Nicholas Holtam, Bishop of Salisbury
Most of us love to listen to music and it is even more fun if we can sing or play with others. All over the world people do this, though it sounds very different in China or India compared to here. When I was growing up I sang in a church choir and I love listening to the cathedral choir in Salisbury, where I am the bishop. Salisbury is also the home of the Royal School of Church Music, supporting church choirs all over the country. Music and church worship go together.
This week m any people will be performing or listening to one of the great Passions by Bach from either St Matthew or St John’s Gospels.
Bach was one of the world’s finest musicians. It seems inconceivable that he would ever have been held in less than the highest esteem. When in 1723 he was appointed Kantor, director of music, at St Thomas church in Leipzig, he was the third choice, behind Telemann and someone called Graupner, both of whom, for very different reasons, turned the job down.
Bach was a creative genius who worked incredibly hard.
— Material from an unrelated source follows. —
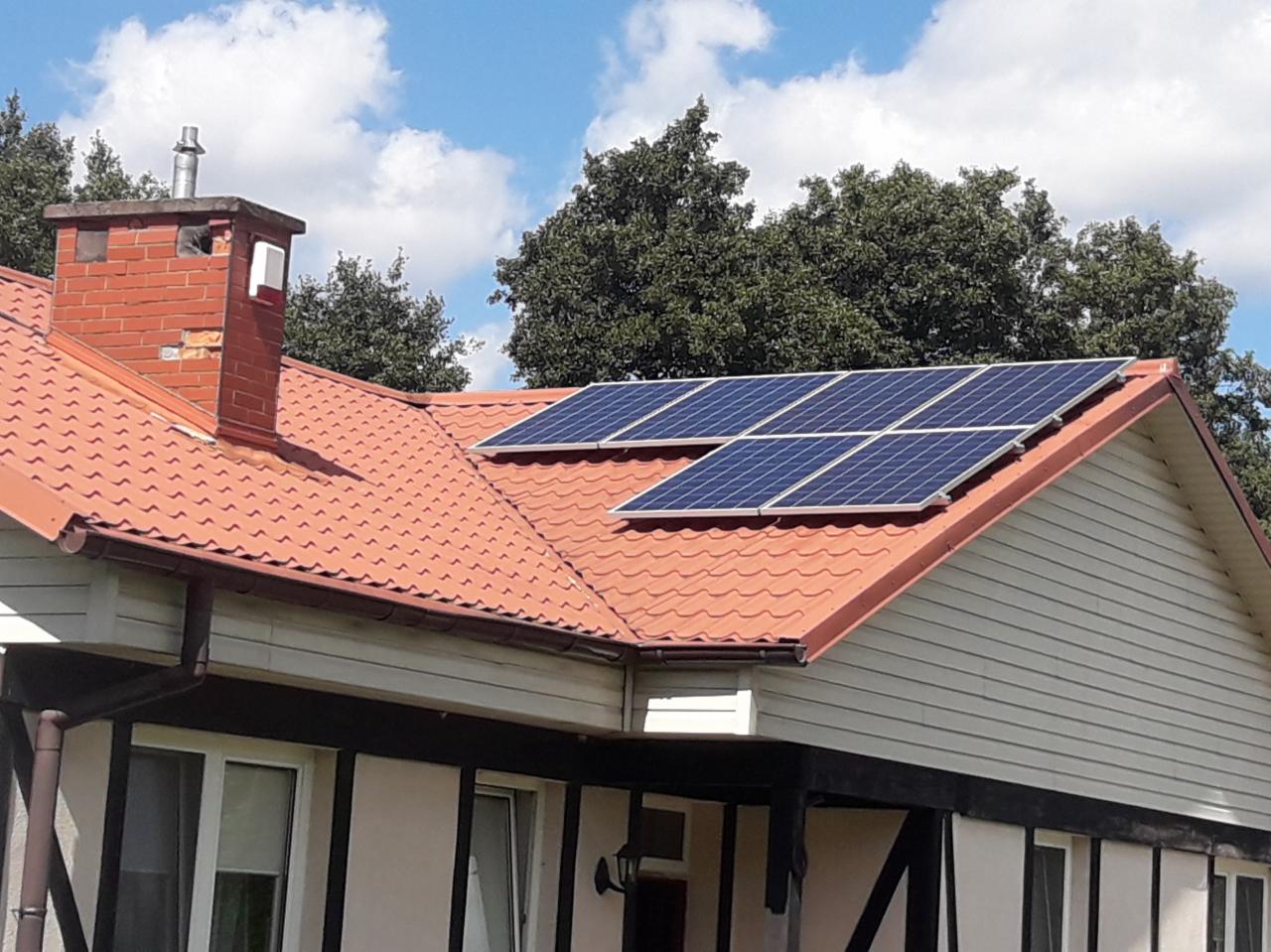 Instalacja paneli słonecznych na dachu domu jednorodzinnego z czerwoną dachówką, widoczny komin z cegły i fragment elewacji w kolorze jasnego beżu.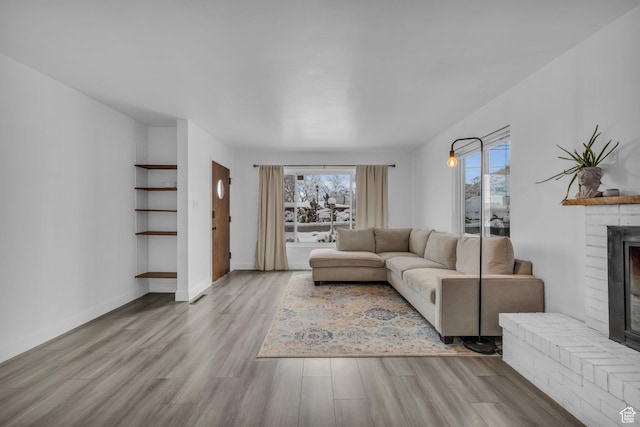 unfurnished living room featuring a healthy amount of sunlight, wood finished floors, and a fireplace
I have often wondered if the circumstances of his appointment caused his phenomenal output because he felt he had something to prove. In 1730, disenchanted with the conditions at St Thomas’s , Bach sent a memorandum to the church authorities setting out his minimum requirements for well-regulated church music. Their response was to threaten to reduce his salary. When later he asked for a rise they told him that if he wanted to earn more he could go elsewhere.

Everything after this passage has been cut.